Hypercolor is a trio with Lukas Ligeti (drums), James Ilgenfritz (bass), and Eyal Maoz (guitar). From Austria, of Hungarian parents, Ligeti came into the New York scene through John Zorn. As you find in Zorn, you find a crazy eclecticism in Ligeti’s projects, with edgy flavors and international strains. But Zorn didn’t have Gyorgi Ligeti, post-war avant-garde avatar, as a father, who invented systems where opposing melodies and rhythms cancelled each other out in his new music compositions, but always executed with the light delicacy of folk music.
Hypercolor is a power trio, opposing individual styles like a particle smasher. But it is not cut-and-paste. Ligeti goes to sources. A primary one is polymetric African drumming, where different rhythmic cycles run against each other concurrently. The differing stylistic elements in Hypercolor likewise work together in one process, without the abrupt dislocation of channel switching.

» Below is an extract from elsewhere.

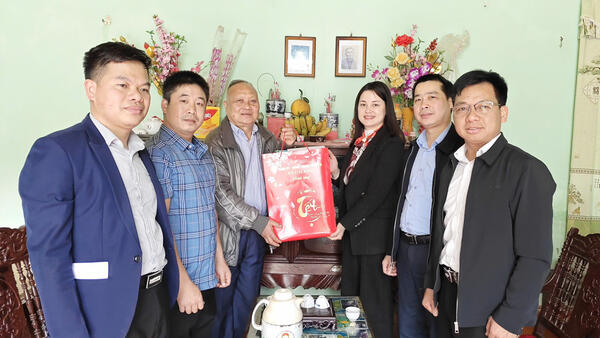 Đồng chí Đinh Thị Anh Thư, Bí thư Đảng uỷ xã thăm, tặng quà Tết các gia đình chính sách, nguyên lãnh đạo xã qua các thời kỳ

Hypercolor is basically heavy funk fusion. The play on “Living Colour” is patent, and the group similarly throws up a knowing, intellectual take on a kind of dance music, music with a groove, that moves the people. There are sly introductions of modern rock themes, as in one track where Maoz plays on the Nirvana “In Bloom” guitar line, “He knows not what it means…” But Ligeti is also a giant Tony Williams fan, and he goes back to the source of the source, the source of Miles Davis, Tony Williams’ Lifetime, from which Davis hijacked the members of his electric band.
I have played this album over and over again, and I’m still playing it. Like the best jazz, it has a smooth patina, something you can hear at a nightclub and still enjoy your drink, but with the deep beauty of foreign lands, taking you to indigenous intellectual traditions, where secrets are unraveled, secrets to the key of human creativity.